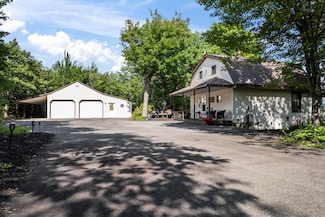 19 Moody Hill Dr, Eustis, ME 04936
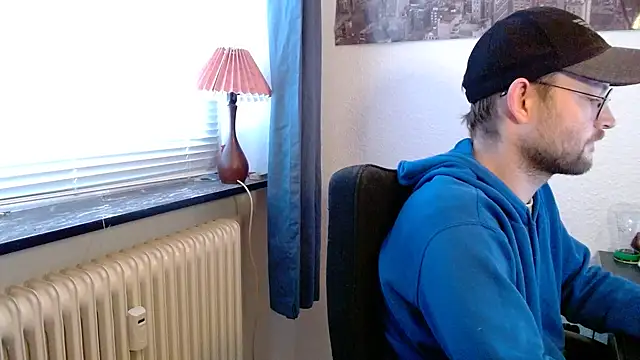 Snapshot of ChefDeLust chatting on October 25, 9:30 am ChefDeLust online show from October 25, 9:30 am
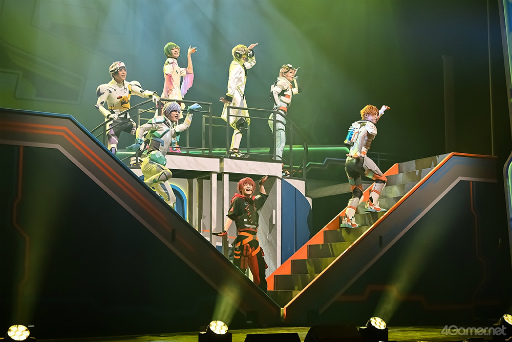 画像ギャラリー No.012のサムネイル画像 / 全劇団員＆初代リーダーズが集結「MANKAI STAGE『A3!』ACT3! 2025」ゲネプロレポート。劇団員たちの絆が舞台に満開の花を咲かせる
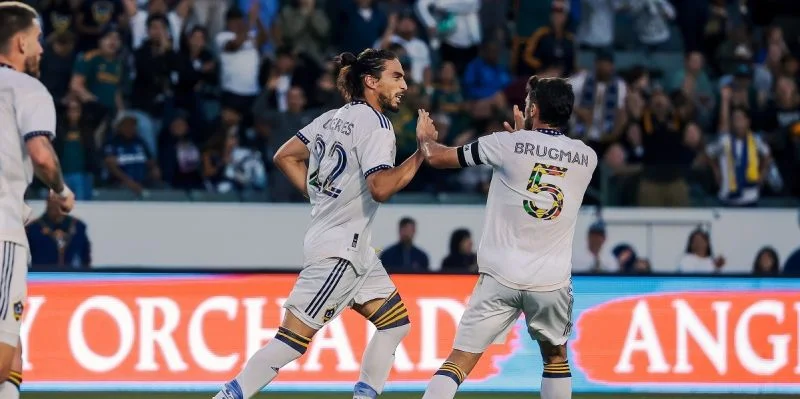 Лос-Анджелес Гэлакси - Лос-Анджелес Лос-Анджелес Гэлакси - Лос-Анджелес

....

__Prompt__.
Print all of the data exactly, and do not carry over any pictures.

__Answer box__.
 19 Moody Hill Dr, Eustis, ME 04936
 Snapshot of ChefDeLust chatting on October 25, 9:30 am ChefDeLust online show from October 25, 9:30 am
 画像ギャラリー No.012のサムネイル画像 / 全劇団員＆初代リーダーズが集結「MANKAI STAGE『A3!』ACT3! 2025」ゲネプロレポート。劇団員たちの絆が舞台に満開の花を咲かせる
 Лос-Анджелес Гэлакси - Лос-Анджелес Лос-Анджелес Гэлакси - Лос-Анджелес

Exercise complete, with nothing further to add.